• **Assignment**
Output only the lines below from the one holding "506 Kinneries Drive, photo 5 of 21" down to the one holding "Volkswagen New Tiguan 5N, 2015 7", both end lines included and every picture dropped.

• **Entries shown**
----------

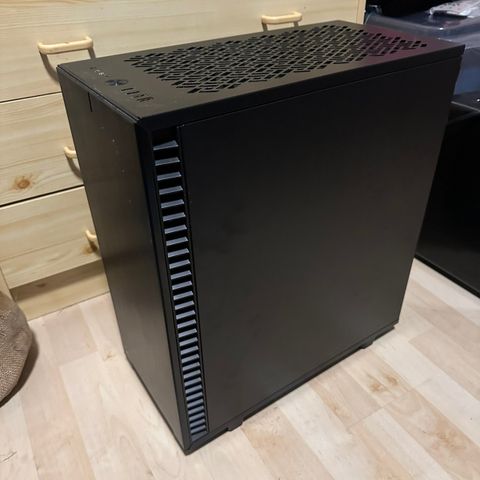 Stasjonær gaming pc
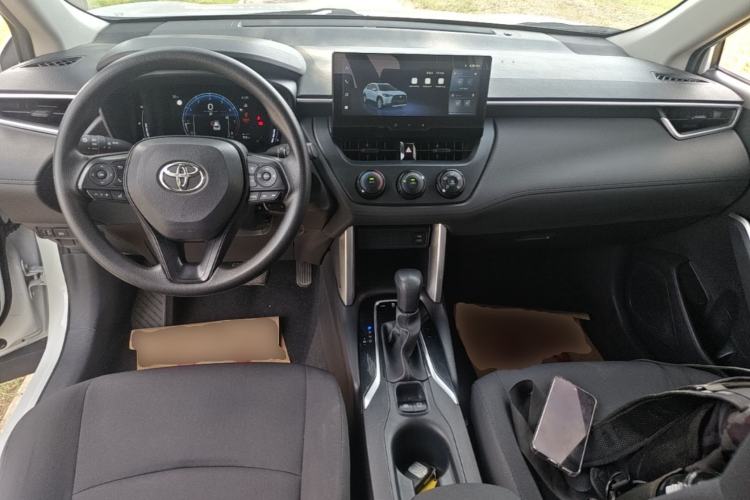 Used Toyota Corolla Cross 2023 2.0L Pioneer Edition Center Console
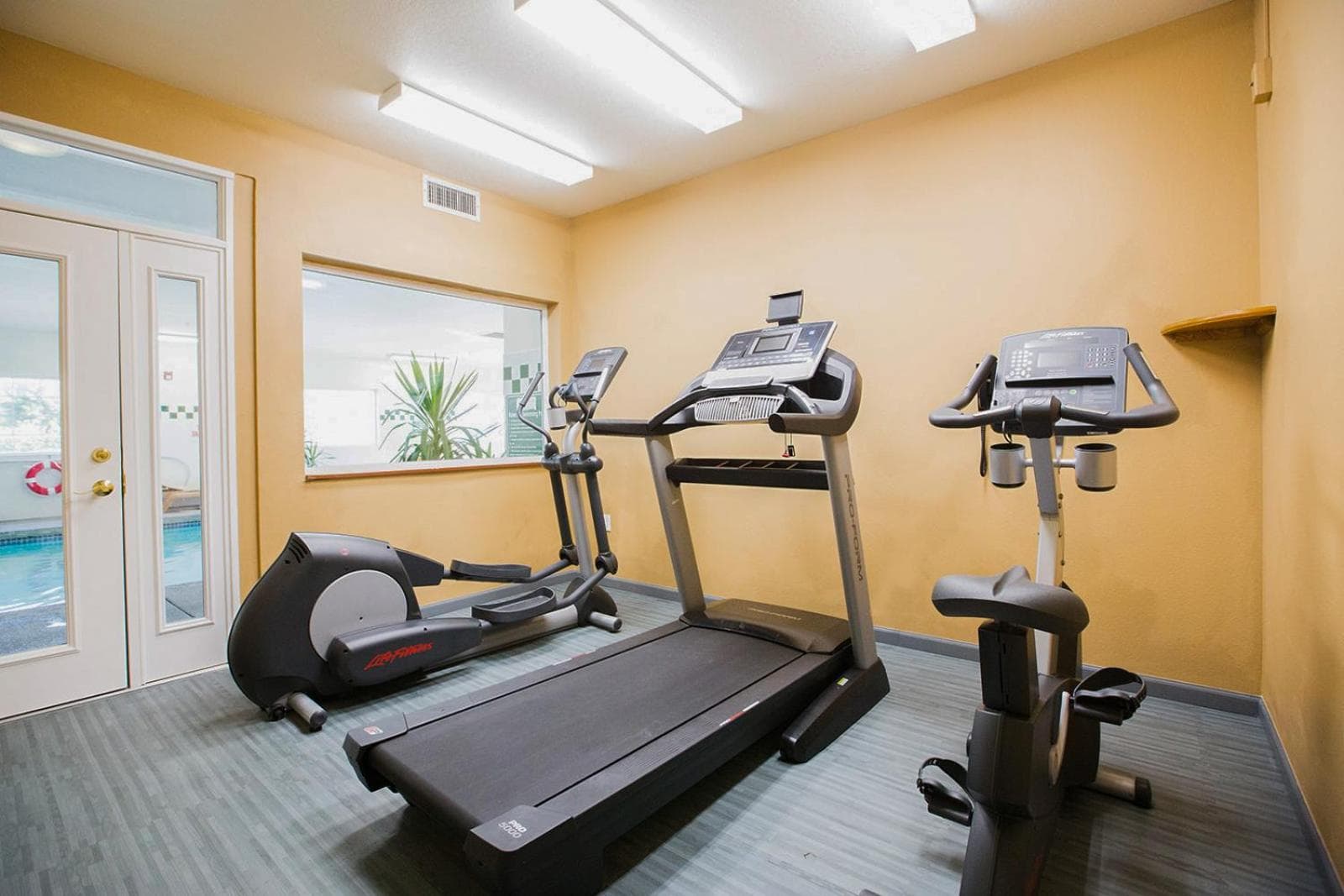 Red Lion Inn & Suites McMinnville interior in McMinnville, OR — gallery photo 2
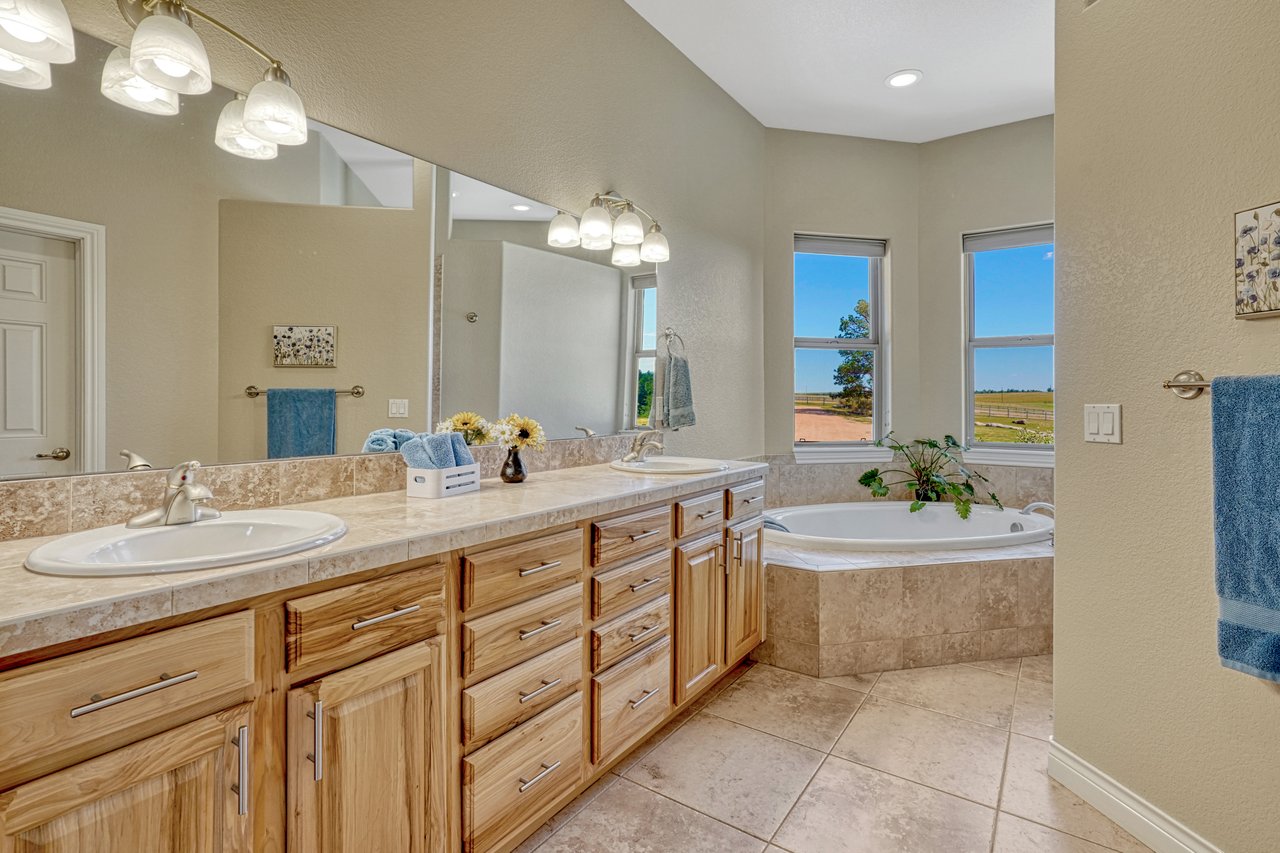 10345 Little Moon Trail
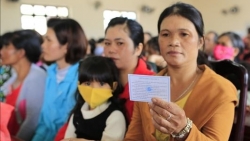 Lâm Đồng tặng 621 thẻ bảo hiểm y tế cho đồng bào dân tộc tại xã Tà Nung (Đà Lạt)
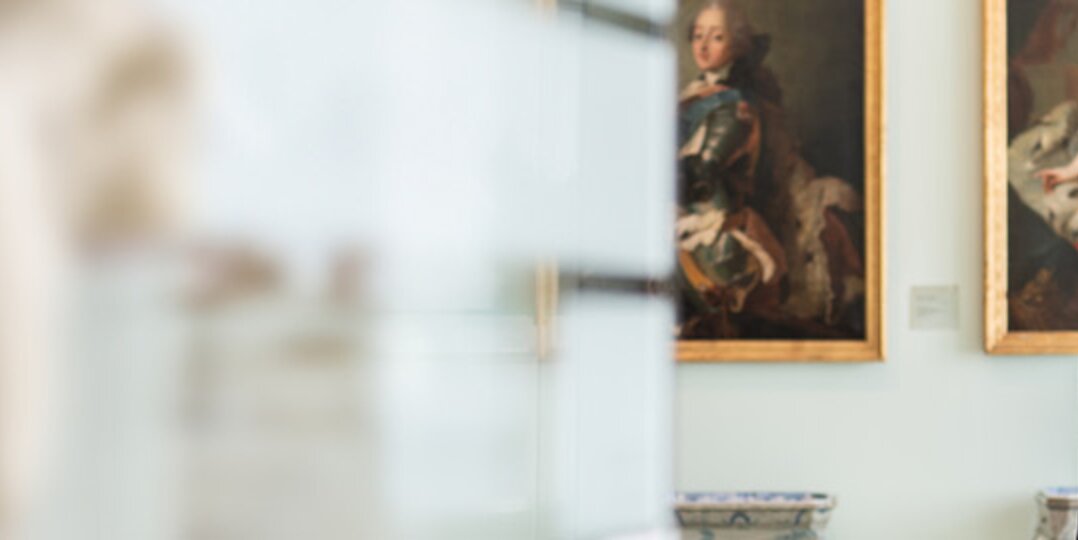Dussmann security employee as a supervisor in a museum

----------

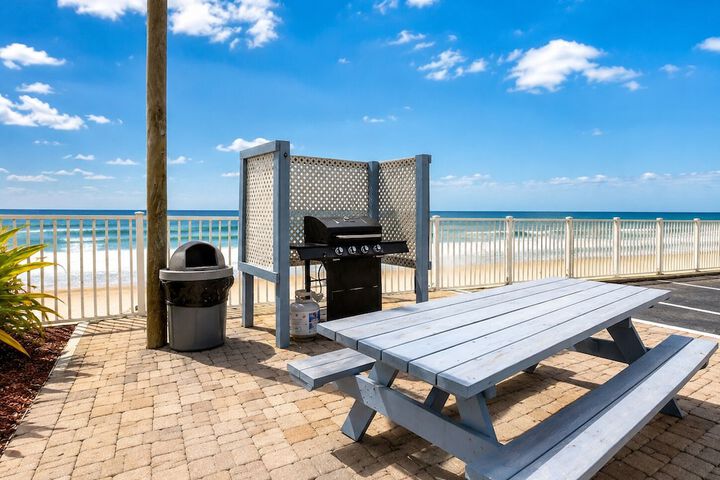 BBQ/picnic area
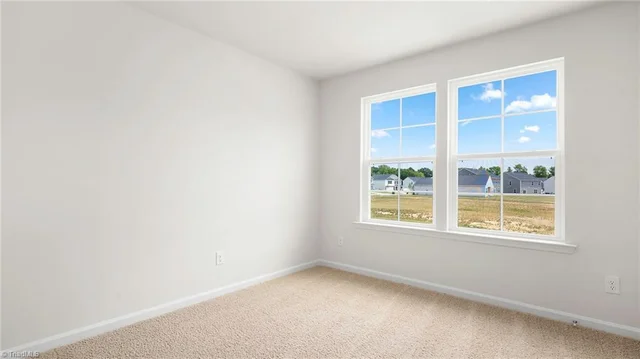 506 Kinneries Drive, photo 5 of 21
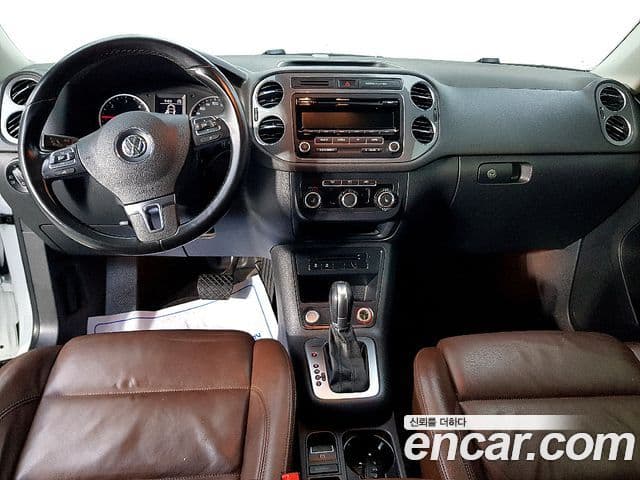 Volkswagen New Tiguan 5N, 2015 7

----------

• **Reply to the task**
 506 Kinneries Drive, photo 5 of 21
 Volkswagen New Tiguan 5N, 2015 7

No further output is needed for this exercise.